Greta Gerwig did the impossible when she somehow convinced Netflix to book her a bunch of IMAX theaters for her upcoming Chronicles Of Narnia movie. But the deal between the streaming giant and those giant screens has apparently ruffled feathers throughout Hollywood. According to the latest from Puck News, everyone from the major studios to the theater chains has a problem with it, and some exhibitors are reportedly even threatening not to show the Narnia movie on their screens.  

IMAX C.E.O. Rich Gelfond has allegedly promised Netflix and Gerwig that the company has a “nuclear option” that will require exhibitors to show what IMAX wants on IMAX screens. However, angry theater owners (according, reportedly, at Regal and Cinemark) feel that a brief two-week run during one of the most profitable parts of the year—the premiere is slated for Thanksgiving weekend 2026—is “not anything that’s sustainable in any shape or form.” Especially when other blockbusters are scheduled for release at the same time. Disney is reportedly “furious” as it has an animated movie scheduled for the same weekend (and a Marvel film scheduled for a couple weeks before). Lionsgate also scheduled its next Hunger Games for around that time. Exhibitors could potentially try to circumvent IMAX and go for one of those movies instead. “I struggle to see who would program Narnia over Moana 3, if that were to come out,” a top theater exec told Puck. “These large formats still only account for less than 20 percent of box office. It’s not something that really works for our industry to support that—particularly with a studio that is not in our business.”

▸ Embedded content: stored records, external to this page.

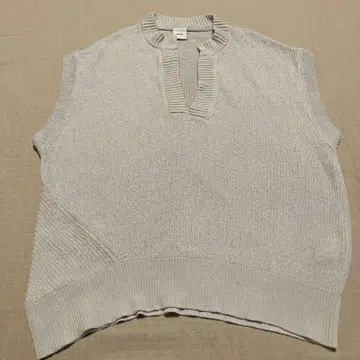 Spick & Span 화이트 슬리브리스 니트 베스트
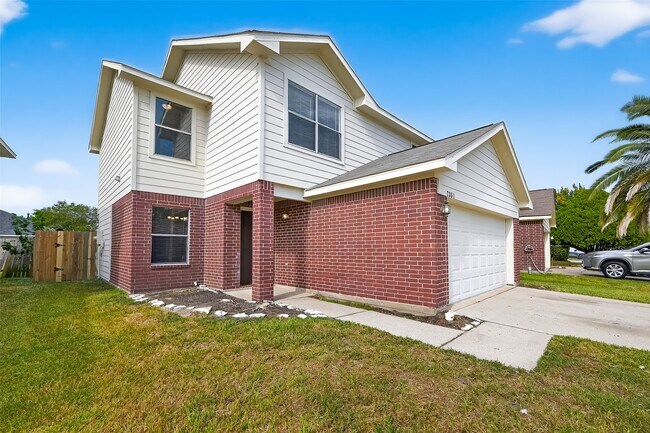 property at 7351 Parkland Manor Dr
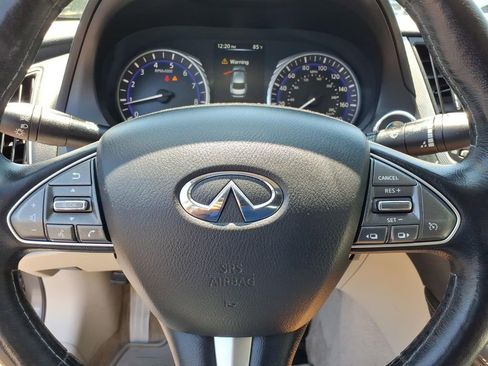 Used 2015 INFINITI Q50 Premium w/ Navigation Package AWD/4WD image 5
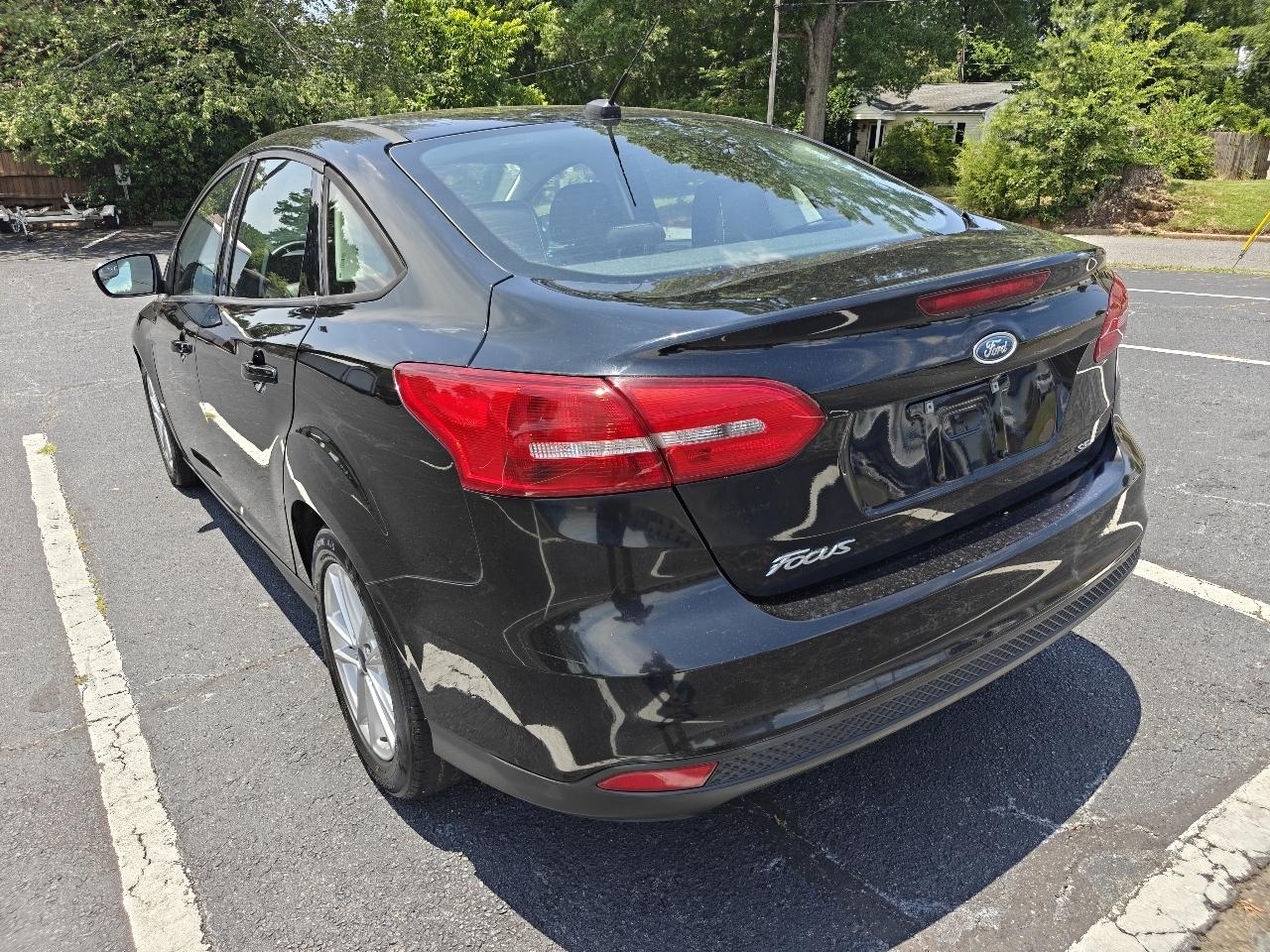 Ford Focus SE Sedan 2016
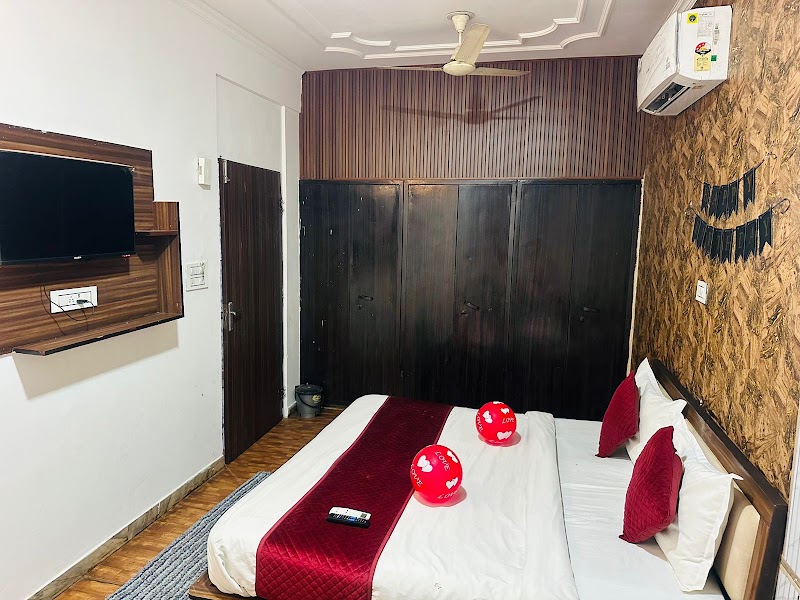 Hotel Knights Inn - Hotel Knights Inn, 111/236, Ramtirth Marg, Vijay Path, Agarwal Farm, Jhalana Chhod, Mansarovar, Jaipur, Rajasthan 302020, India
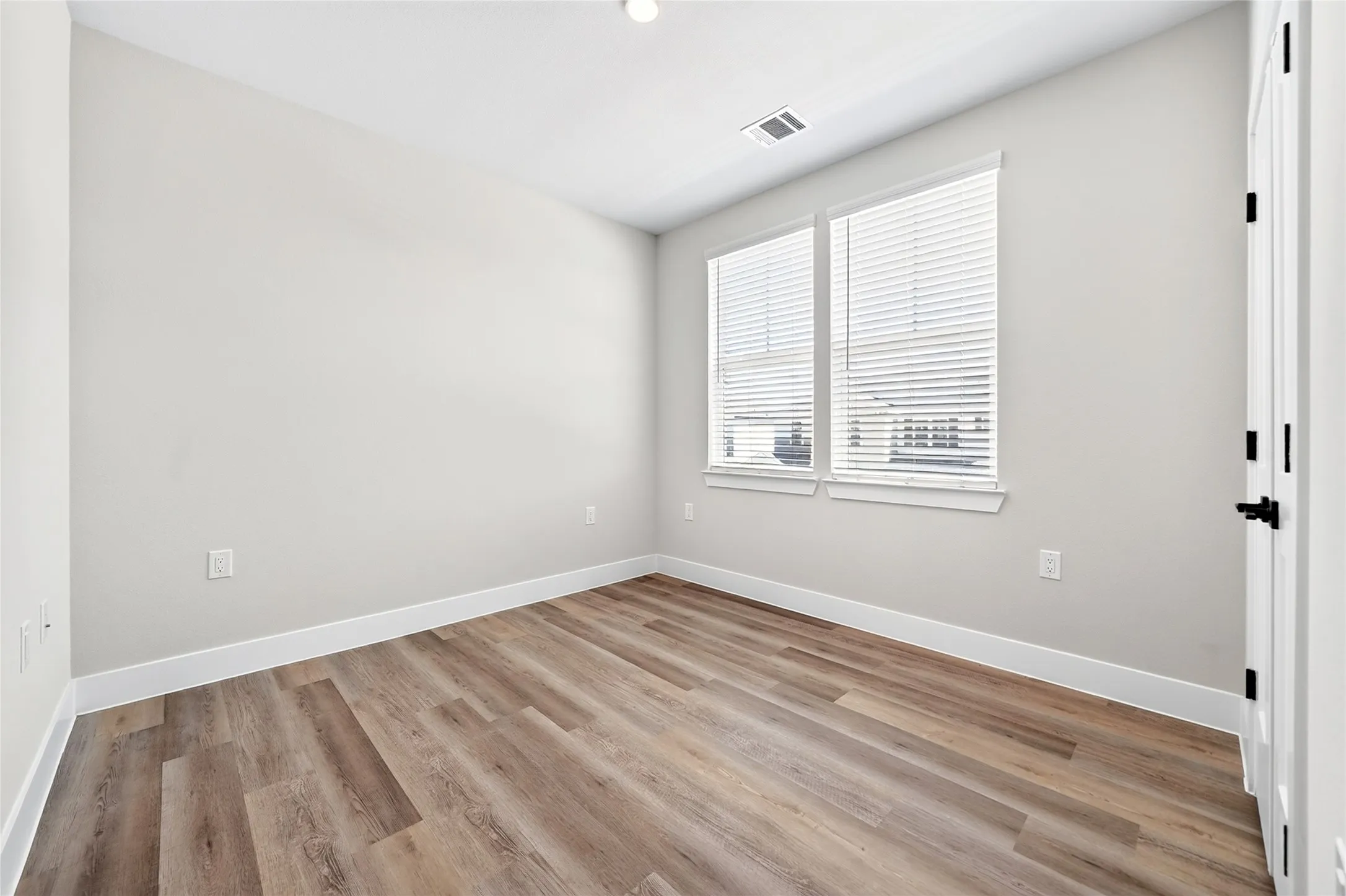 Townhouse For Rent in Collin County , 2902 Serenity Lane, Melissa, Texas 75454, 4 Bedroom, 4 Bathroom, 2 Garage spaces, 2,168 Sqft, built in 2026, mls#21361084, Real Estate Agent in Melissa, Homes For Rent in Collin county, Homes For Rent in Melissa, Realtor in Melissa Texas, Real Estate Brokerage Independent Realty Texas, Luminita Cordes Realtor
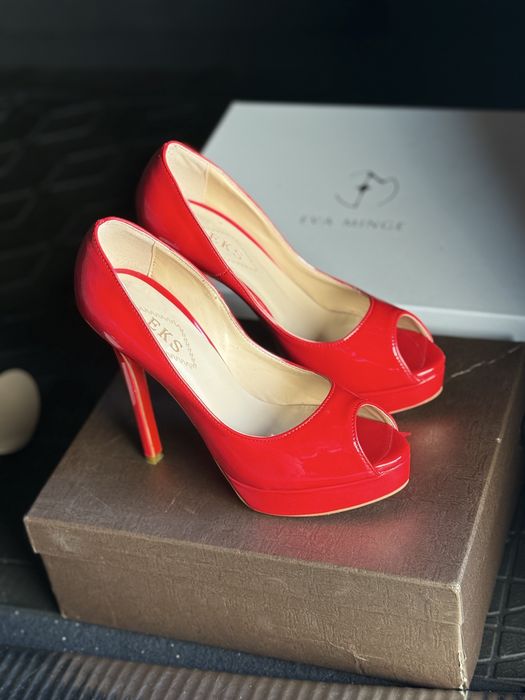 Елегантни обувки на ток LV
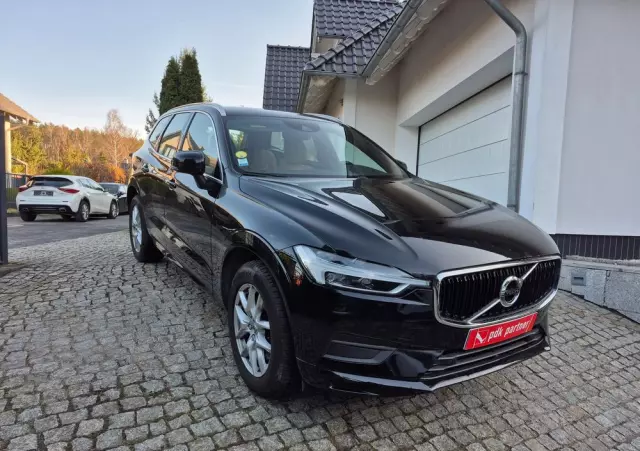 VOLVO XC 60 D4 Drive-E Momentum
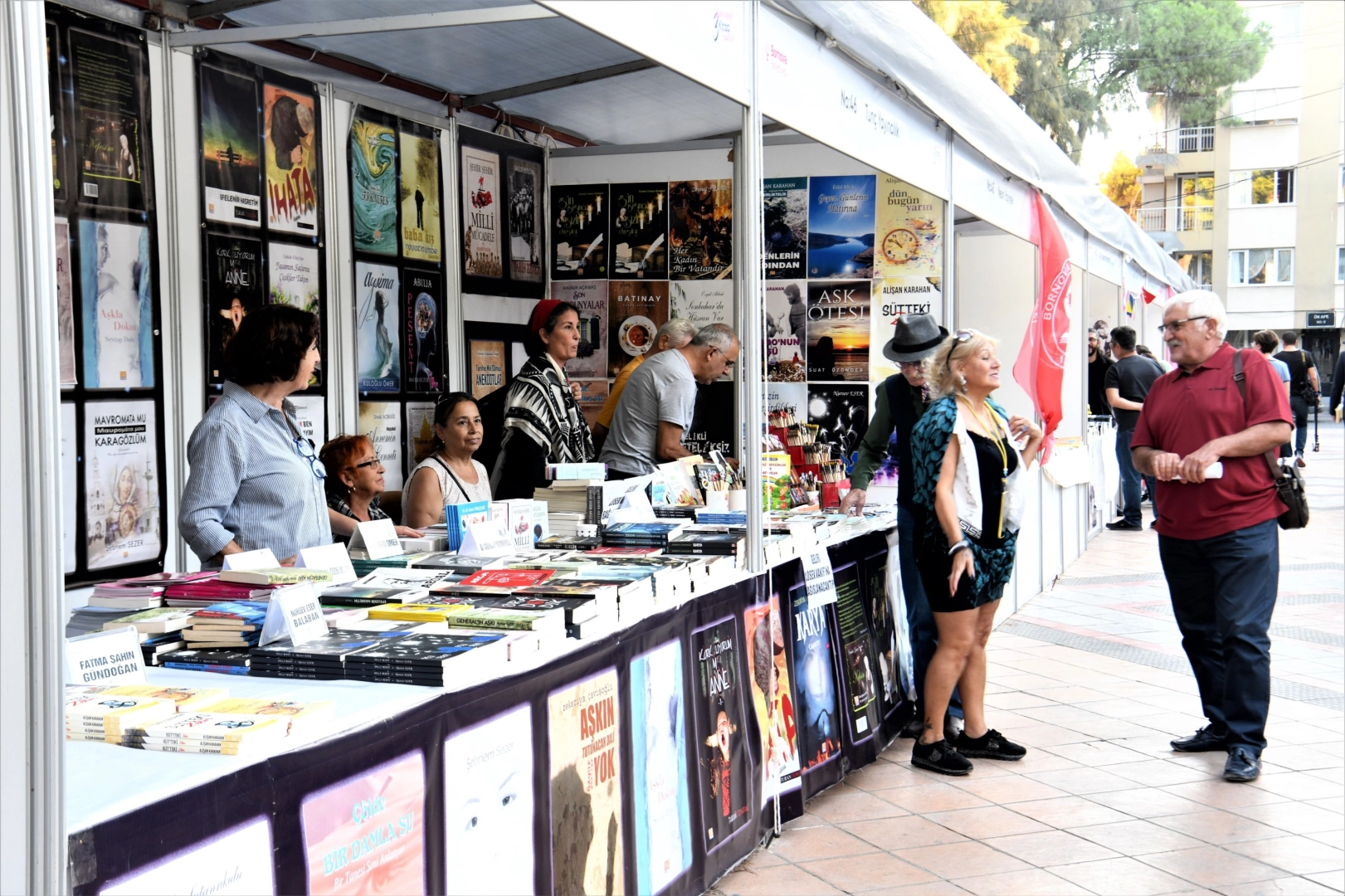 Bornova’da edebiyat rüzgarı: 5. Homeros’un Bornova’sında Kitap Günleri başlıyor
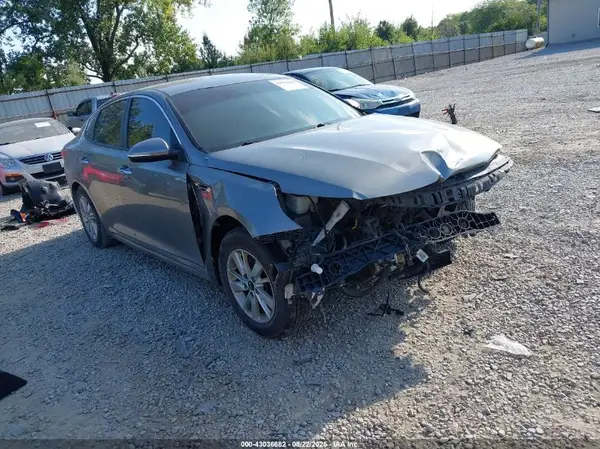 5XXGT4L31JG216426 2018 KIA OPTIMA - Image 1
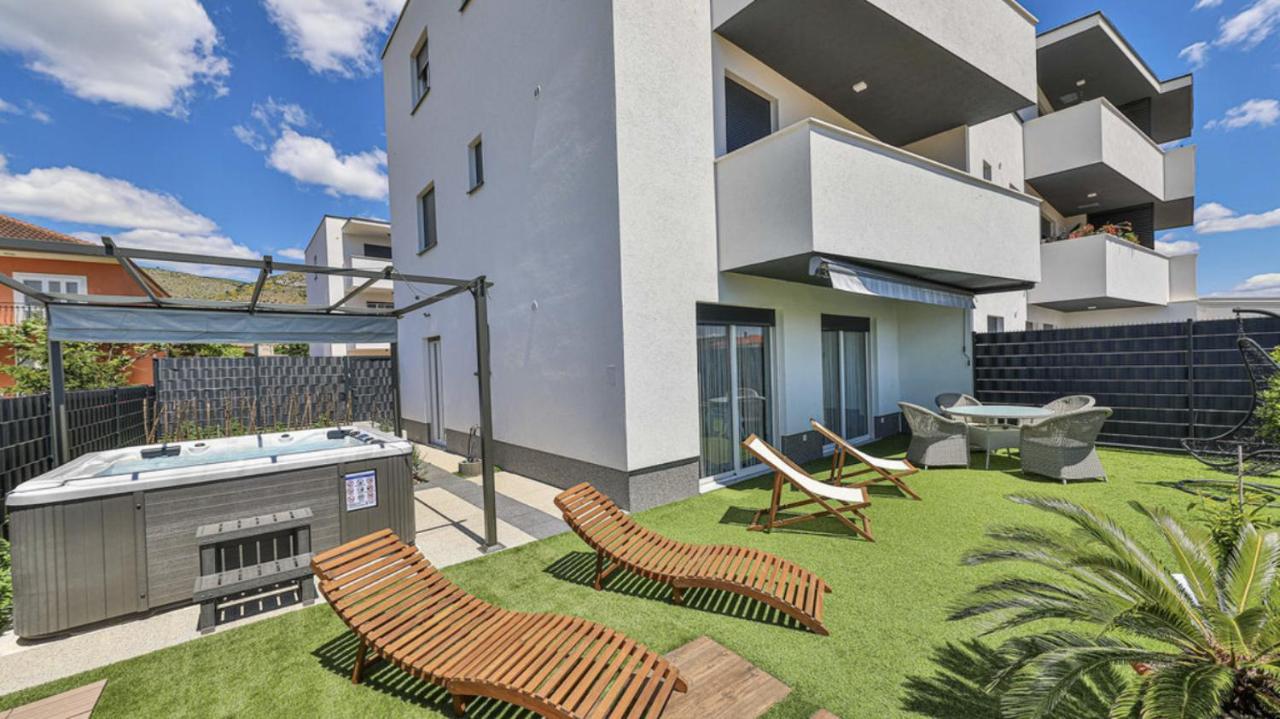 Hedonist-Luxury 2 Bedroom Apartment With Private Hot Tub, Garden And Free Parking Трогир Екстериор снимка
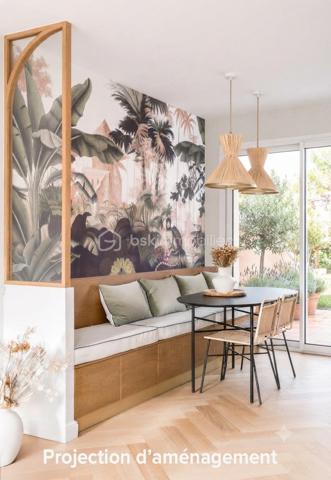 Située dans un environnement résidentiel particulièrement recherché de Vaux-sur-Mer, cette maison contemporaine s’inscrit au coeur d’un quartier entièrement pensé par architecte, où
chaque détail a été conçu pour o􀆯rir un cadre de vie harmonieux, qualitatif et durable.Dès l’entrée, le ton est donné : une perspective traversante maîtrisée, une circulation fluide et
une lumière naturelle omniprésente qui accompagne chaque espace. Le rez-de-chaussée accueille une entrée soignée, un WC indépendant ainsi qu’un cellier aménagé, apportant un
véritable confort au quotidien.
La pièce de vie, élégante et parfaitement agencée, séduit par son atmosphère chaleureuse et ses matériaux soigneusement sélectionnés. Le salon, à la fois contemporain et accueillant,
s’ouvre visuellement sur l’extérieur, prolongeant naturellement l’espace vers une agréable terrasse, idéale pour profiter des beaux jours en toute sérénité.
La cuisine, au design épuré, allie esthétisme et fonctionnalité avec des finitions de qualité et une optimisation intelligente des rangements.
À l’étage, l’espace nuit propose trois chambres, pensées comme de véritables cocons de tranquillité distribuées autour d’un grand palier. Une salle de bain ainsi qu’un second WC
indépendant complètent cet étage, o􀆯rant confort et praticité pour toute la famille.

Un cadre de vie pensé pour le quotidien :
Ce quartier a été conçu pour privilégier les mobilités douces, favorisant les déplacements à pied
ou à vélo en toute sécurité. L’ensemble des commodités est accessible en quelques minutes
seulement : commerces, écoles, collèges, lycées ainsi que les plages, pour un art de vivre entre
confort urbain et douceur littorale.
Les atouts majeurs :
- Maison contemporaine aux prestations soignées
- Quartier d’architecte à forte valeur qualitative
- 3 chambres + salle de bain + WC séparé à l’étage
- Cellier /WC en rdc
- Place de parking et local de stockage extérieur
- Luminosité et circulation optimisées
- Terrasse agréable prolongeant l’espace de vie
- Proximité immédiate des commodités et de la plage
- Cadre de vie favorisant les déplacements doux
Un bien rare, conjuguant élégance, confort et qualité de vie, idéal pour une résidence principale comme secondaire sur la côte.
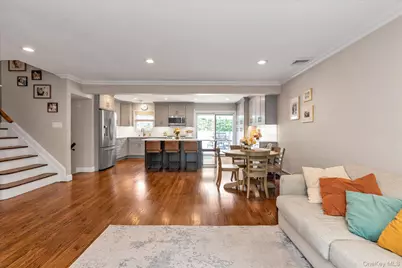 3727 Regent Lane, Wantagh, NY 11793 - Photo 5
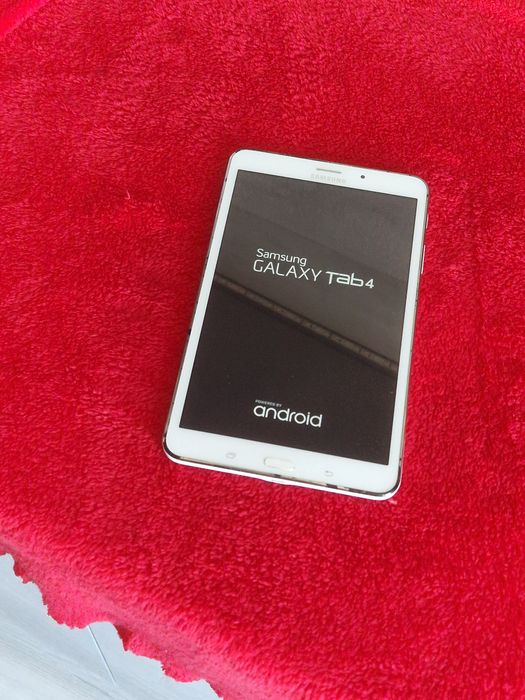 Tableta Samsung Galaxy Tab 4 cu slot Sim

The thing is, pretty much everybody wants Netflix to get in the theatrical game. A rising tide lifts all ships, and if Netflix did more theatrical releases, it would be good for the whole ecosystem—an ecosystem that Netflix’s business model has threatened to eliminate. “This has been a perplexing misdirection from Netflix in exhibitors’ minds for years,” a “veteran theater executive” told Puck. “Exhibitors are kind of fed up with Netflix sticking their toe in the water and pulling back. Apple and Amazon have tried real theatrical runs, with mixed success. But they made a real attempt, and Netflix never has.”

There’s a lot of time between then and now, though, and Puck sources suggest IMAX has already cut a deal to show Narnia with AMC, which owns more IMAX theaters than any other chain in the country. The rest may fall in line to get a piece of the pie, especially if the Narnia pie is as lucrative as Gerwig’s Barbie was. Only time will tell.